In the listing below, locate the line with "ANCIENT GREASE Font Download" and the line with "Διακοσμητικός διπλός γάντζος", then output both and everything between them exactly, minus any pictures.

> [Data shown]:
--------------------------------------------------

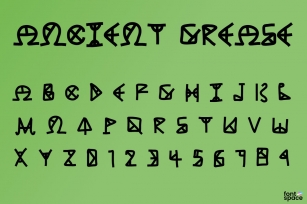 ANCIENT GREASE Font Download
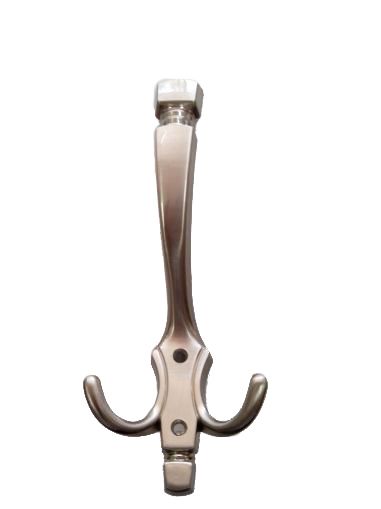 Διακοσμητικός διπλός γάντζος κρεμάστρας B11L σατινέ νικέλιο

--------------------------------------------------

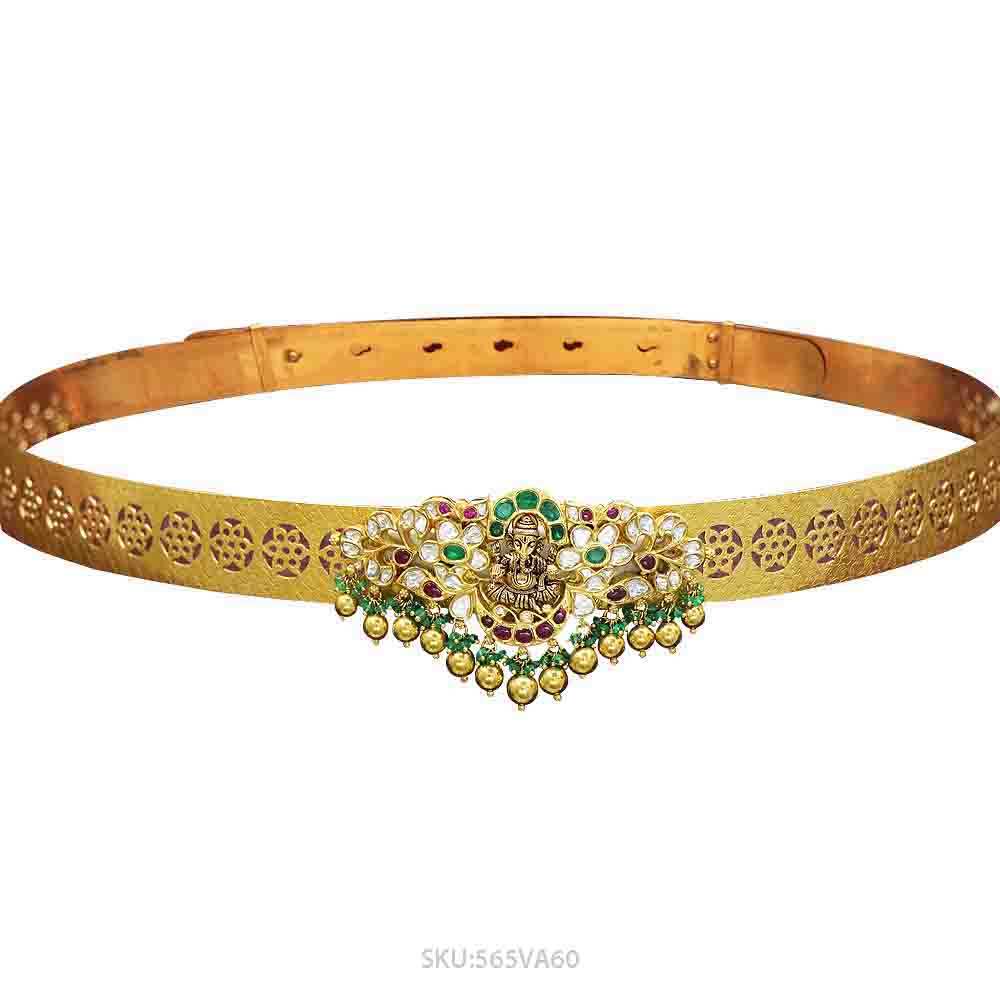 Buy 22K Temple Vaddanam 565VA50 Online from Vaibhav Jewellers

--------------------------------------------------

> [Answer space]:
 ANCIENT GREASE Font Download
 Διακοσμητικός διπλός γάντζος κρεμάστρας B11L σατινέ νικέλιο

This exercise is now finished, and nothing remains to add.